Depuis si longtemps (plus de 30 ans), les États quels qu’ils soient vivent en dépensant plus que ce qu’ils
ont « en caisse », accumulant les dettes.
Les citoyens sont en droit de demander aux politiques de tout bord des comptes… Sauf que les citoyens eux-mêmes étaient et sont toujours exigeants : protection sociale, dépenses de santé,
RMI, RSA, retraite... tout est payé par l'État, mais par des emprunts.
Nous voici à la limite financière de ce système où l’exigence des Français voisine avec la démagogie des politiques. Si les politiques se rendent compte que la situation ne peut durer ainsi et le
récent discours du Président de la République à Bordeaux illustrait cette prise de conscience, les Français tardent un peu plus, ils continuent à demander plus.
« Pourquoi s’arrêteraient-ils ? » me direz-vous ! Les socialistes, bien que conscients promettent toujours plus (embauches multiples, « salaires » pour les jeunes, prestations sanitaires
accordées jusqu'aux étrangers en situation irrégulière...) : la France est bonne fille !

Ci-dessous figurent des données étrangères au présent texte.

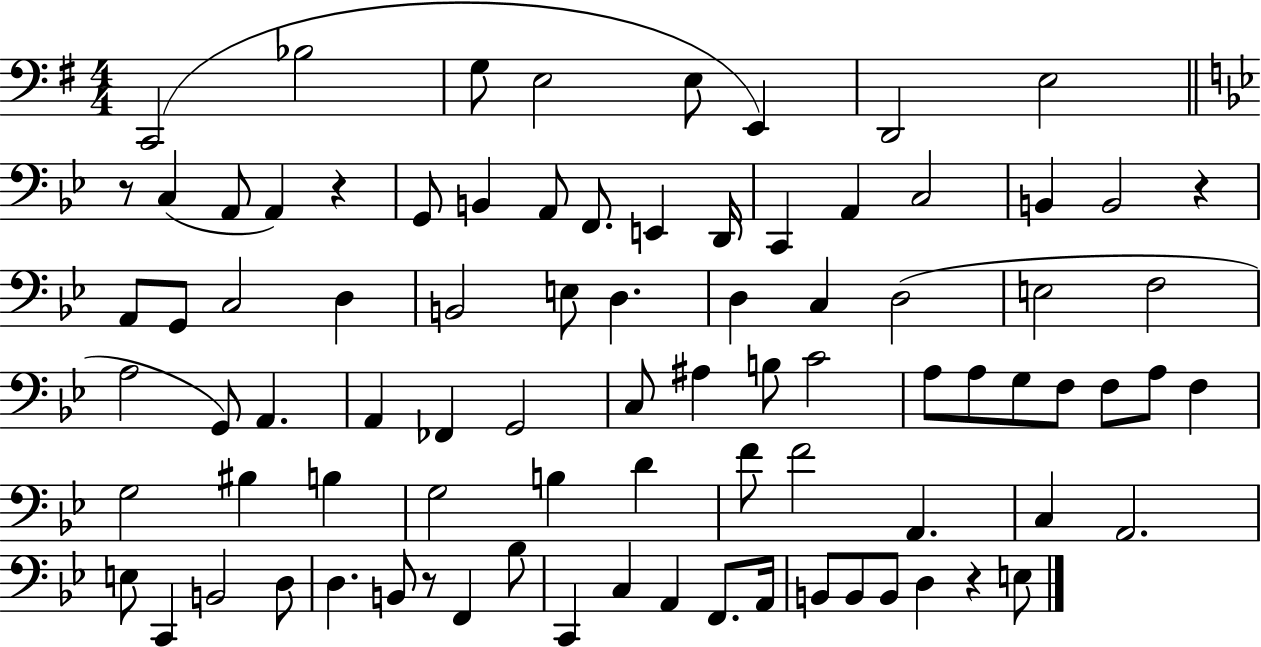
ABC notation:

X:1
T:Untitled
M:4/4
L:1/4
K:G
C,,2 _B,2 G,/2 E,2 E,/2 E,, D,,2 E,2 z/2 C, A,,/2 A,, z G,,/2 B,, A,,/2 F,,/2 E,, D,,/4 C,, A,, C,2 B,, B,,2 z A,,/2 G,,/2 C,2 D, B,,2 E,/2 D, D, C, D,2 E,2 F,2 A,2 G,,/2 A,, A,, _F,, G,,2 C,/2 ^A, B,/2 C2 A,/2 A,/2 G,/2 F,/2 F,/2 A,/2 F, G,2 ^B, B, G,2 B, D F/2 F2 A,, C, A,,2 E,/2 C,, B,,2 D,/2 D, B,,/2 z/2 F,, _B,/2 C,, C, A,, F,,/2 A,,/4 B,,/2 B,,/2 B,,/2 D, z E,/2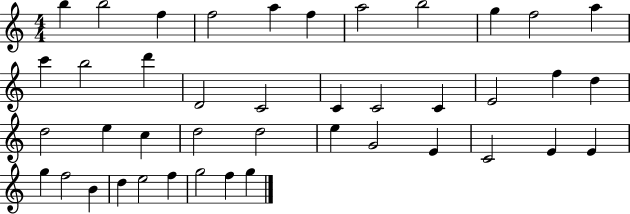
X:1
T:Untitled
M:4/4
L:1/4
K:C
b b2 f f2 a f a2 b2 g f2 a c' b2 d' D2 C2 C C2 C E2 f d d2 e c d2 d2 e G2 E C2 E E g f2 B d e2 f g2 f g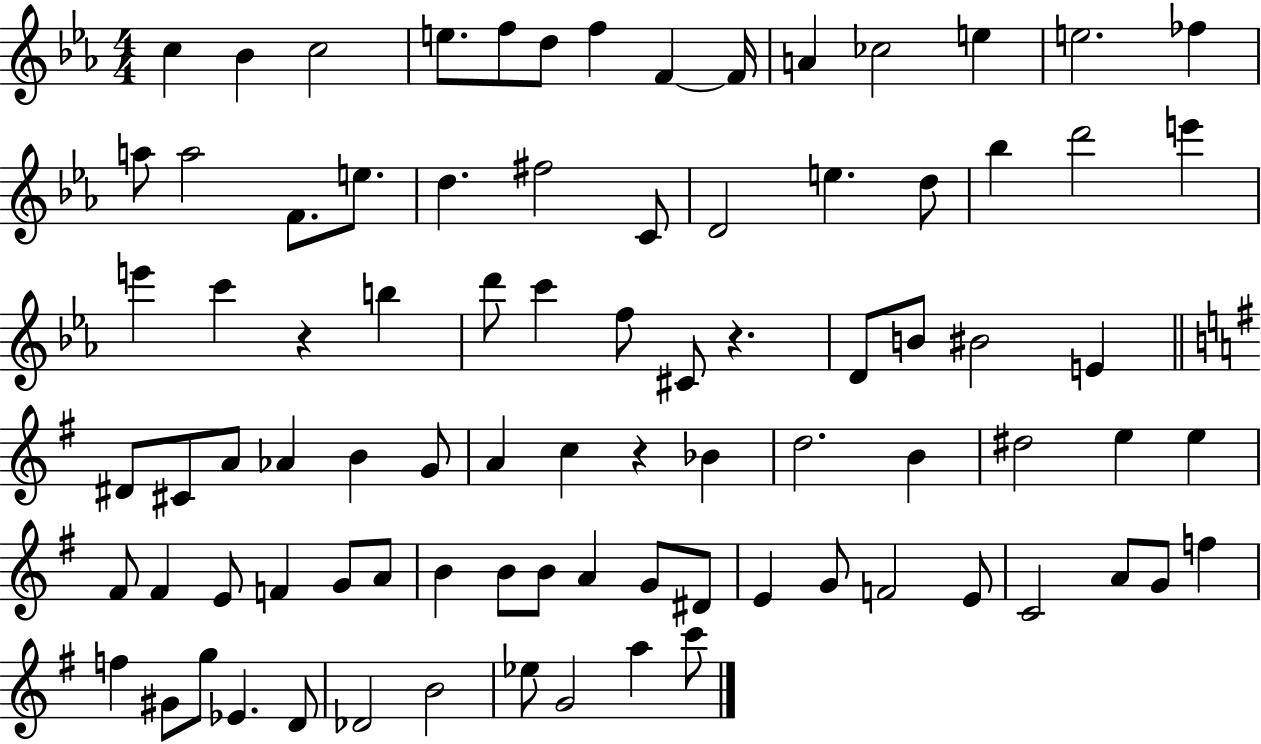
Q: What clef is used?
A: treble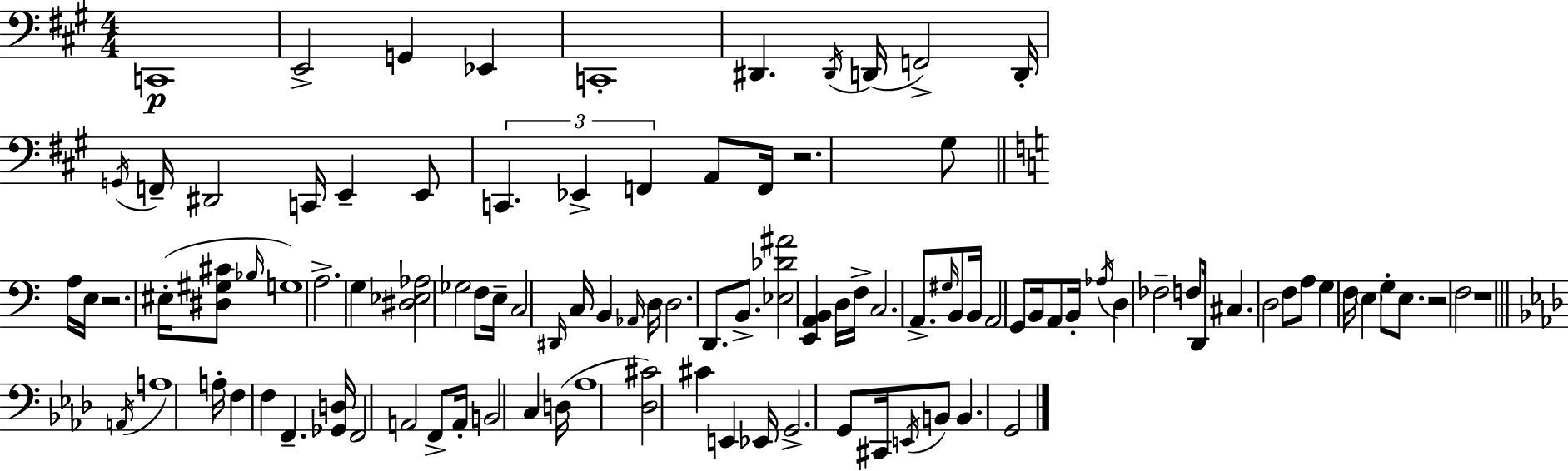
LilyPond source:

{
  \clef bass
  \numericTimeSignature
  \time 4/4
  \key a \major
  \repeat volta 2 { c,1\p | e,2-> g,4 ees,4 | c,1-. | dis,4. \acciaccatura { dis,16 }( d,16 f,2->) | \break d,16-. \acciaccatura { g,16 } f,16-- dis,2 c,16 e,4-- | e,8 \tuplet 3/2 { c,4. ees,4-> f,4 } | a,8 f,16 r2. gis8 | \bar "||" \break \key a \minor a16 e16 r2. eis16-.( <dis gis cis'>8 | \grace { bes16 }) g1 | a2.-> g4 | <dis ees aes>2 ges2 | \break f8 e16-- c2 \grace { dis,16 } c16 b,4 | \grace { aes,16 } d16 d2. | d,8. b,8.-> <ees des' ais'>2 <e, a, b,>4 | d16 f16-> c2. | \break a,8.-> \grace { gis16 } b,8 b,16 a,2 | g,8 b,16 a,8 b,16-. \acciaccatura { aes16 } d4 fes2-- | f8 d,16 cis4. d2 | f8 a8 g4 f16 \parenthesize e4 | \break g8-. e8. r2 f2 | r1 | \bar "||" \break \key aes \major \acciaccatura { a,16 } a1 | a16-. f4 f4 f,4.-- | <ges, d>16 f,2 a,2 | f,8-> a,16-. b,2 c4 | \break d16( aes1 | <des cis'>2) cis'4 e,4 | ees,16 g,2.-> g,8 | cis,16 \acciaccatura { e,16 } b,8 b,4. g,2 | \break } \bar "|."
}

Dans ce contexte, la majorité doit dire la vérité. C’est le sens du plan qui nous a été présenté : 8 à 10 milliards d'euros d’économies. C'est à peine suffisant pour que la France diminue son
endettement. Ce ne sont pas les agences de notations qui sont fautives, mais l’État et les Français.
Les solutions les plus invraisemblables sont avancées par les socialistes : Abandon de nos créances, cessation de paiement… Ces deux arguments sont imparables... Quels créanciers accepteraient de
ne plus être remboursés ? Il ne s’agit pas de la Chine ou des USA, mais de très nombreux pays souvent en voie de développement qui détiennent nos créances… Nous nous exclurions de tout commerce
international, nous serions au ban de la société internationale… Irresponsable.
Quant à nous déclarer en faillite, quelle idée ! il faudrait continuer à vivre et à accumuler nos dettes. De nouvelles dettes si nous voulions vivre de la même façon. A qui emprunter alors, dans
un tel contexte ? Qui voudrait nous prêter des fonds ? Personne…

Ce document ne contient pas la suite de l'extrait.